Fonte: IShares Core US Aggregate Bond ETF (2011); IShares Core US Aggregate Bond ETF (2023)

Se, infine, ci concentriamo sulla dinamica di forza relativa tra il comparto corporate e quello dei treasuries, non siamo in condizione di estrarre informazioni significative. Negli ultimi mesi, abbiamo assistito ad una sovraperformance del comparto dei Treasuries rispetto al corporate ma in quadro di sostanziale debolezza e assenza di direzionalità del credito nel suo complesso.

Fonte: IShares Core US Aggregate Bond ETF / IShares 7-10 Year Bond Treasury Bond ETF (2023);

IShares Core US Aggregate Bond ETF / IShares 7-10 Year Bond Treasury Bond ETF (2011)

Alla luce di quanto messo in evidenza finora, è quindi ora importante passare al confronto storico con l’estate del 2011.

Fonte: S&P500 Large Cap Index (2023); S&P500 Large Cap Index (2011)

Con il raggiungimento dell’accordo sul debt ceiling, l’S&P500 andò incontro ad una flessione intorno al 19%. Ovviamente il contesto di fondo è molto diverso, in primis in ragione di una crisi del debito sovrano che attraversò tanto l’Europa quanto gli Stati Uniti. Detto ciò, gli ultimi massimi degli indici americani stanno avvenendo in un quadro di minor partecipazione del complesso dei titoli che compongono gli indici.

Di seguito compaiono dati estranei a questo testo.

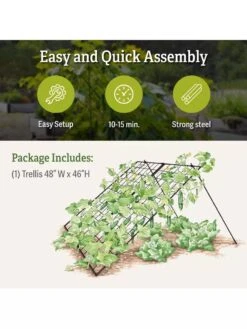 Large Cucumber Trellis -Backyard Bloomers 8587082 product details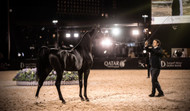 ADHM Sarm Shines at Arabian Horse Show Las Vegas | Al Ameera Stud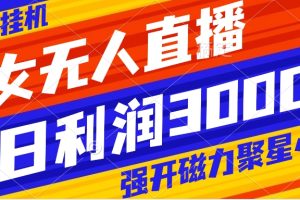 （8158期）快手挂机，美女无人直播，强开磁力聚星小铃铛，日入3000+-麦资源网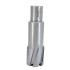 Carota pt. otel din carbura de tungsten, ⌀ 29mm, h=50mm, cu prindere Weldon - DXDY.P-TCT-50.29.W [3]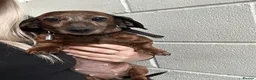 Miniature Dachshund dogs for sale: Pair of Female Miniature KC Dachsunds  - Advert 5
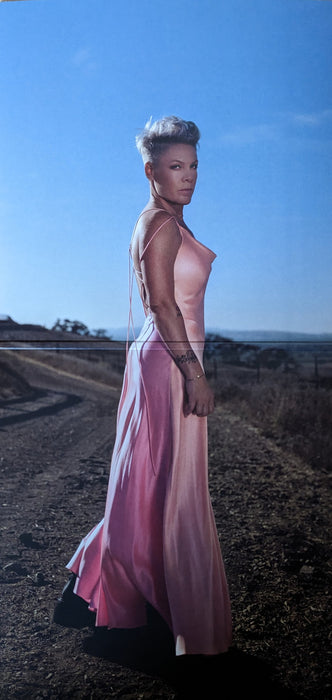 P!NK -Trustfall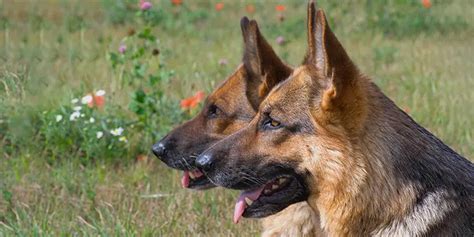 Dog Ear Yeast Infection Treatment Happy Dog Training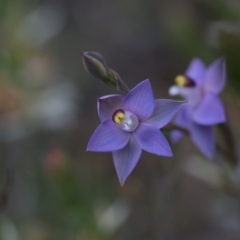 Thelymitra pauciflora at Yass River, NSW - 30 Oct 2016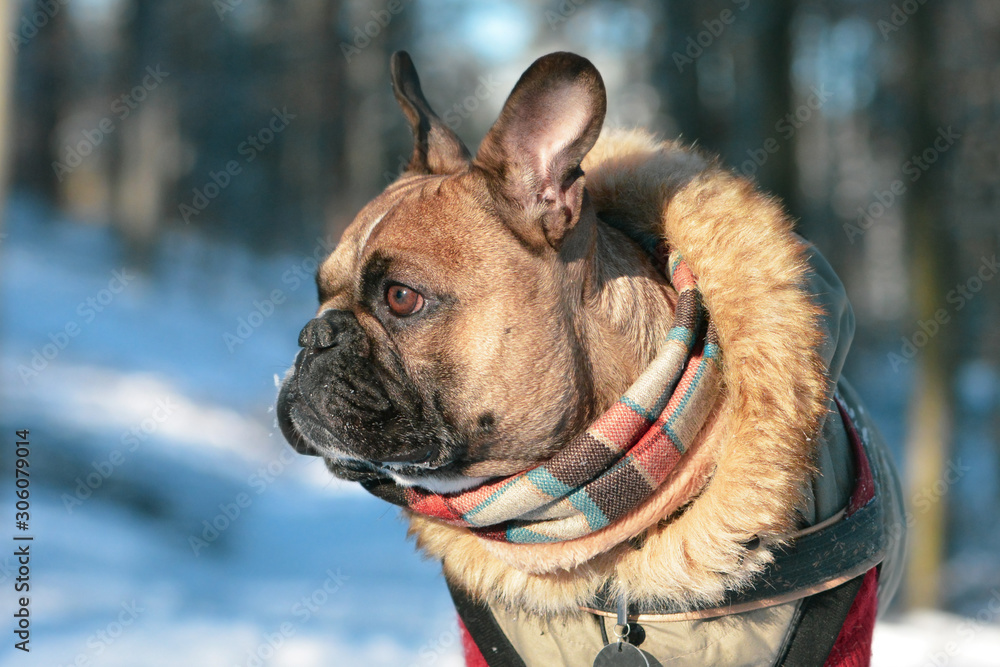 Do Bulldogs Need Coats In Winter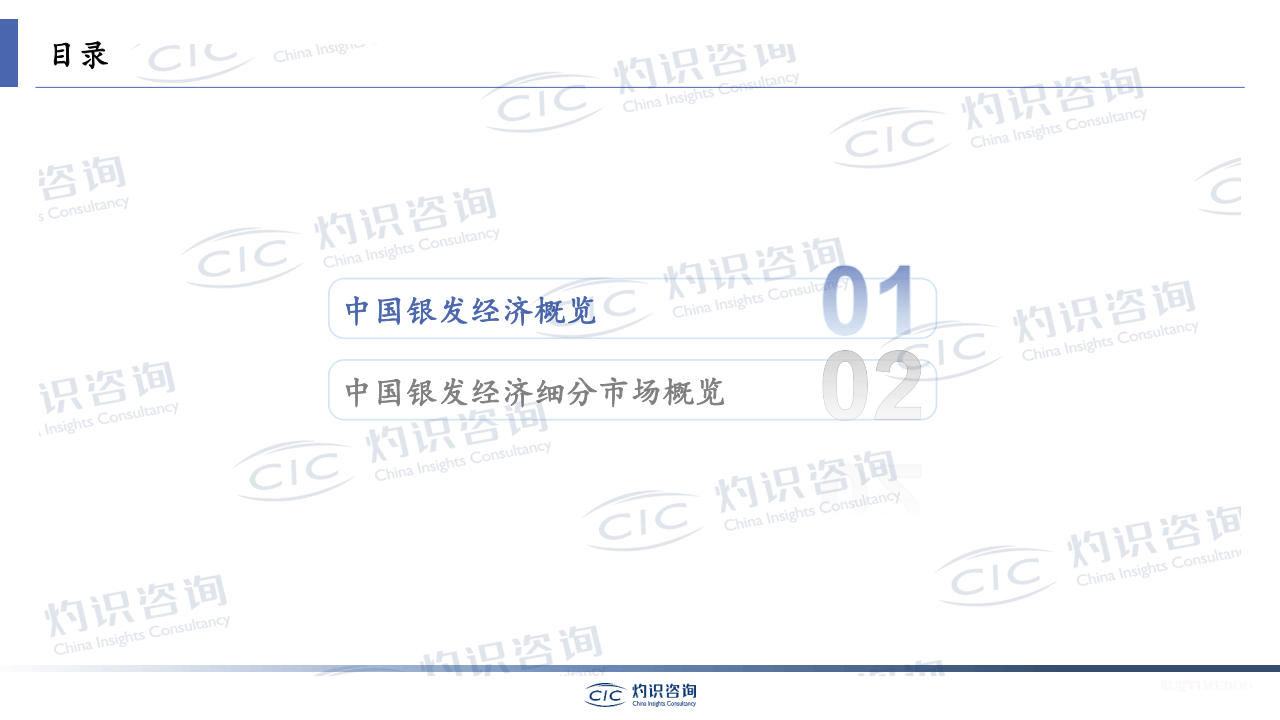 2025银发经济蓝皮书-肽度TIMEDOO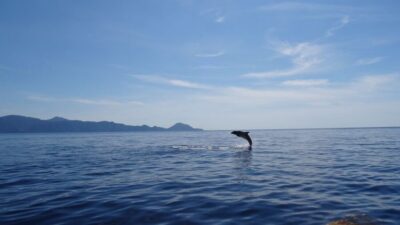 Porto: Half-Day Cruise Scandola Reserve & Calanche de Piana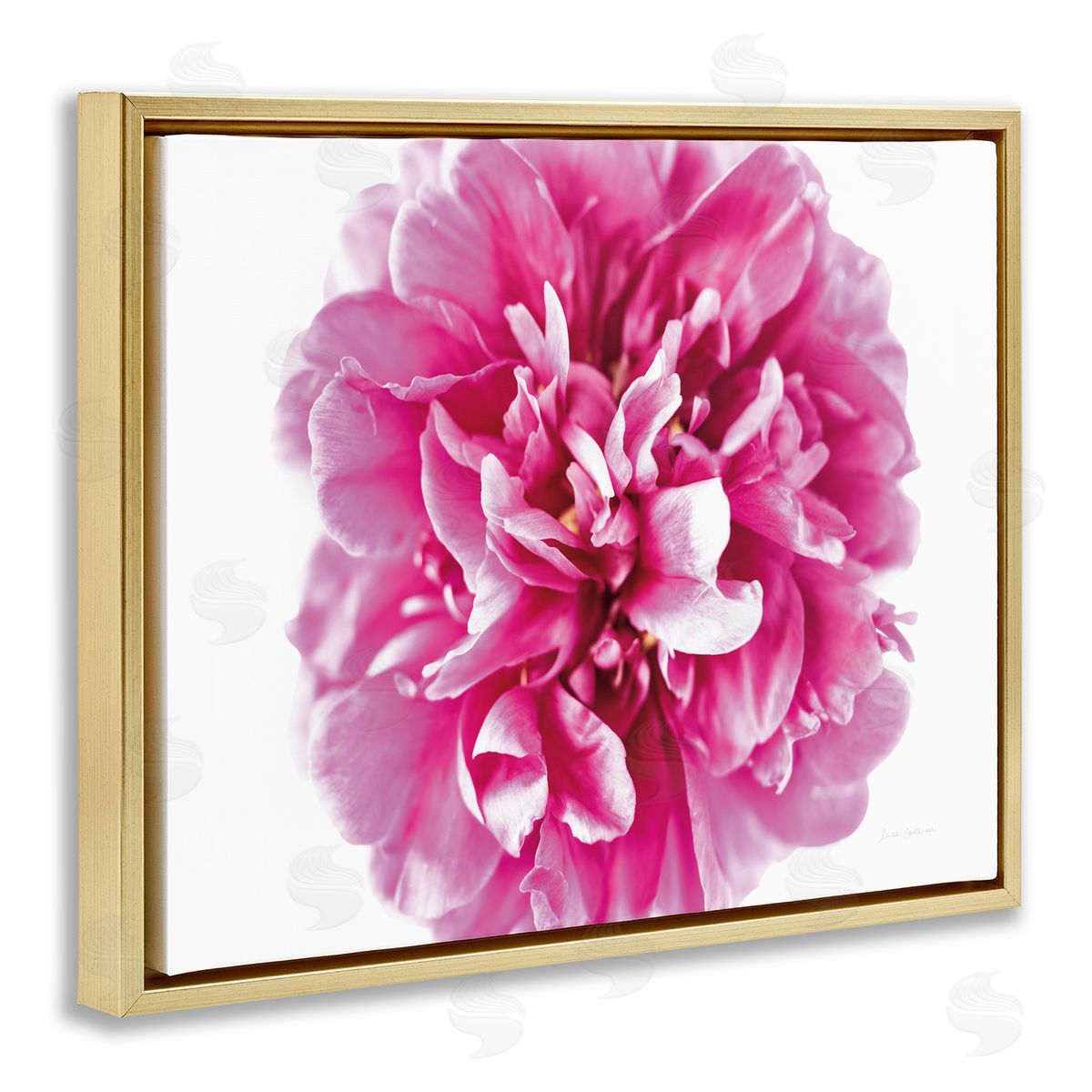 Pink Pop Flower Photograph Gold Floating Frame Canvas Wall Art, Home Decor by Elise Catterall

Rispetto ai massimi di febbraio, sull’S&P500 la percentuale di titoli che scambiano sopra la media mobile a 200 giorni è scesa dal 79,85% al 51,04%. Se a questo stato di cose sommiamo i segnali che arrivano dalla debolezza del comparto del credito, è ragionevole mettere nella giusta prospettiva i nuovi recenti massimi degli indici azionari.

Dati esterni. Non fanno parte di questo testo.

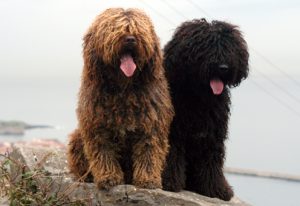Perro de agua español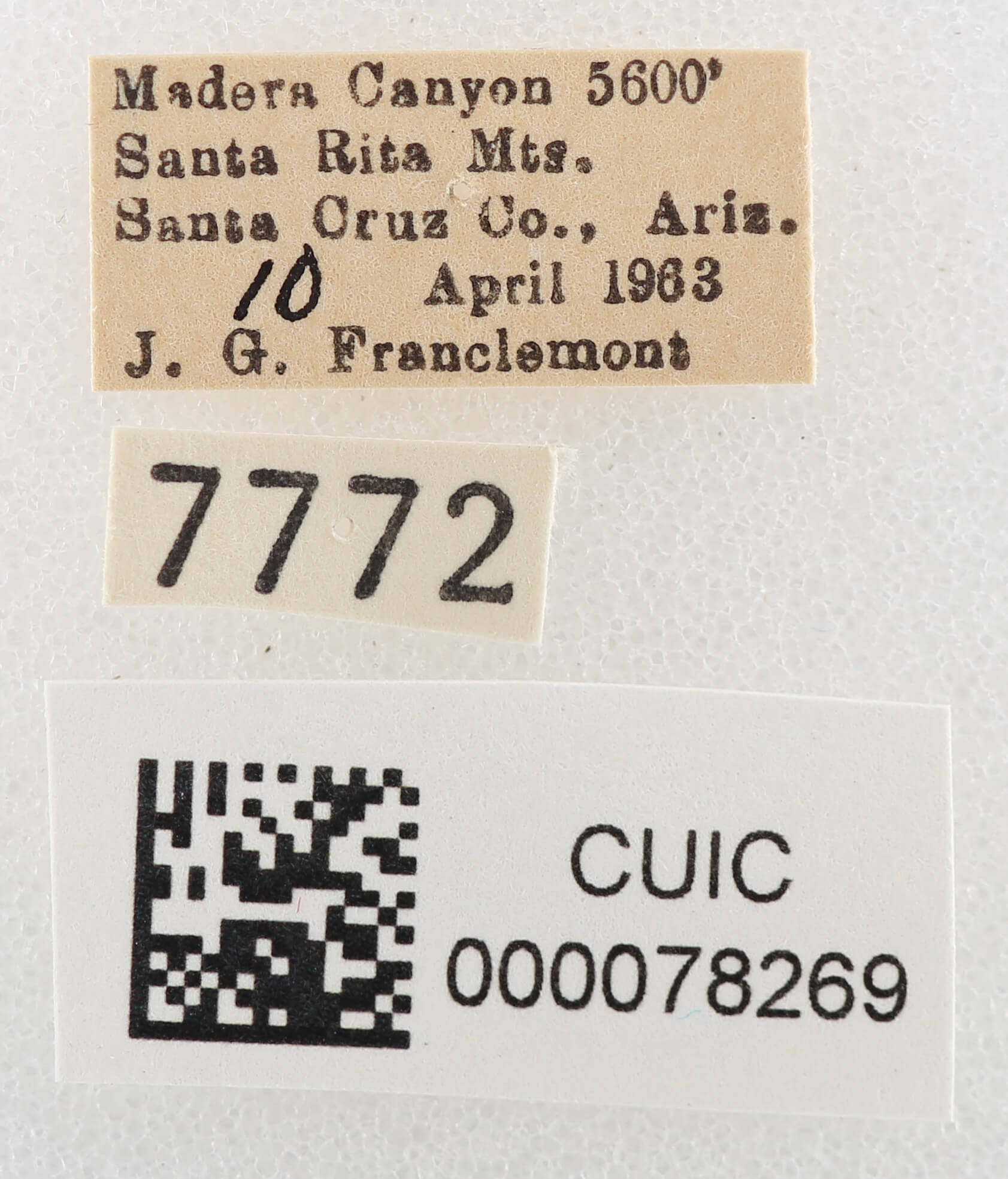 label view of adult Cissusa sp.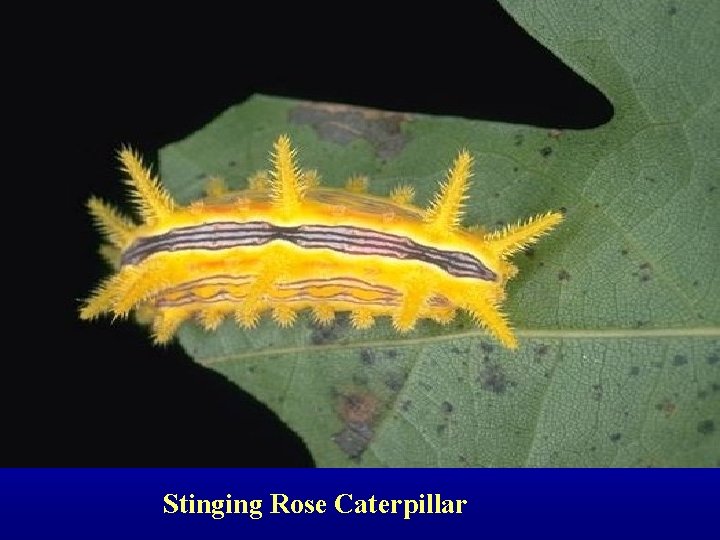 Stinging Rose Caterpillar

Venendo alle conclusioni, è indiscutibile che da diverse settimane la price action evidenzia un quadro sempre più costruttivo sul mercato azionario, soprattutto in termini relativi rispetto a quanto osserviamo sul credito. Non dobbiamo tuttavia sottovalutare che i recenti rialzi sono avvenuti in un contesto di volatilità estremamente contenuta e che il mercato del credito non evidenzia quella compressione dei rendimenti tipica di una fase di bottom. Detto questo, i confronti storici servono a mettere nella giusta prospettiva le cose e a non sposare una visione unica ma solo a collegare i diversi pezzi del puzzle che i mercati disegnano ogni settimana. Se ci limitiamo a quello, ad oggi è difficile considerare non costruttiva l’attuale impostazione del mercato azionario, soprattutto in Europa ma anche negli Stati Uniti.

Non sei un eroe e non avere un ego. Metti sempre in discussione te stesso e le tue capacità. Non sentirti mai molto bravo. Nel momento in cui lo fai, sei morto.